2. Leadership of each society must determine how well-being initiatives fit into their organizational structure and strategic priorities. Organizational leadership may want to embed well-being efforts into other strategic initiatives, or may focus separately on well-being.
3. Partnerships with other organizations–national and local professional societies, health care organizations, academic institutions, advocacy groups–working in the same field may help promote member well-being and provide useful resources. The National Academy of Medicine and other organizations can help facilitate these partnerships.
4. Professional societies can play an important role in educating and supporting members, and advocating for change. Members’ health care institutions do not consistently address burnout, and may not even be supportive of such efforts; professional societies can meet this need.

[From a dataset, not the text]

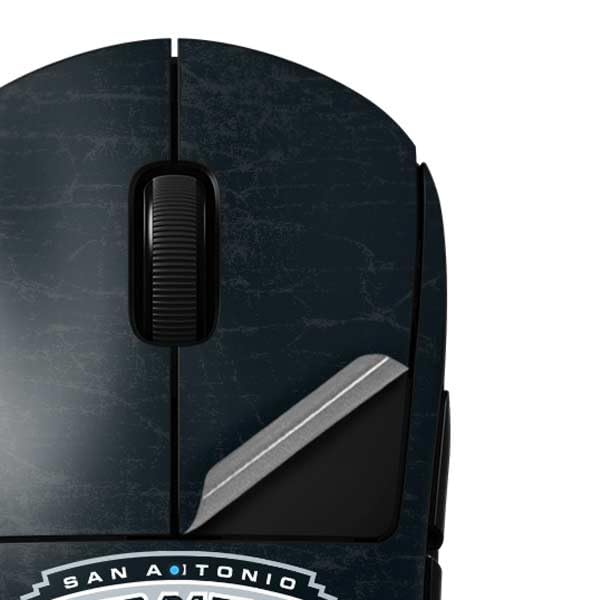 Skinit Decal Other Skin Compatible with G Pro Wireless Gaming Mouse - Officially Licensed NBA San Antonio Spurs Primary Logo Design - color: Black - DSTSPU01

5. By encouraging research focused on improving clinician well-being, societies can help foster innovation and collaboration.
6. Recent scientific literature has identified effective organizational and individual solutions to reduce clinician burnout, and these remedies should be supported. While both types of solutions are valuable, professional societies should emphasize the importance of organizational approaches, as these methods tend to be more effective at reducing burnout.
“We have outlined a number of steps that societies can take to address burnout, based on a rigorous process that led us to these targeted recommendations,” concluded Dr. Rinne. “The first and most important step is that leadership must acknowledge the burden of burnout and promoting clinician well-being through taking measures that can contribute to a culture shift that supports well-being and values the humanity of clinical care.”